LISTED ENTRIES: Begin

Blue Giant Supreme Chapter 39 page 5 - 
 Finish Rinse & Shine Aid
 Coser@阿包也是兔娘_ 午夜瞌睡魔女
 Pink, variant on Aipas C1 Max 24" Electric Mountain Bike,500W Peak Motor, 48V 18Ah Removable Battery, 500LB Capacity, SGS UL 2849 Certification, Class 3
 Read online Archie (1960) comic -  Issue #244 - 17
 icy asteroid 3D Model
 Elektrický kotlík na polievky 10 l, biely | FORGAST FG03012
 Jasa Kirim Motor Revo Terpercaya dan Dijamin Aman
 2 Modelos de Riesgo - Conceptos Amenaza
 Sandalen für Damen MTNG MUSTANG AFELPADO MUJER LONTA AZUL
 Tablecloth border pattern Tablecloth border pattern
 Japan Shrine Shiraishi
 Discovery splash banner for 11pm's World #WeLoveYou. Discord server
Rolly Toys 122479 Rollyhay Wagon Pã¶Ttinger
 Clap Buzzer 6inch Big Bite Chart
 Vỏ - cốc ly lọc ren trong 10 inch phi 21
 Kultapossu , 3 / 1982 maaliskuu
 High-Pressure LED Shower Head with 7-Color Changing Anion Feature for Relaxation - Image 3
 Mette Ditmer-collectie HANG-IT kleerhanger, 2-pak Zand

LISTED ENTRIES: End

» YOUR TASK: Which of the lines above hold the string "Motor"? Copy each one.

» RESULT FOR THIS TASK:
 Pink, variant on Aipas C1 Max 24" Electric Mountain Bike,500W Peak Motor, 48V 18Ah Removable Battery, 500LB Capacity, SGS UL 2849 Certification, Class 3
 Jasa Kirim Motor Revo Terpercaya dan Dijamin Aman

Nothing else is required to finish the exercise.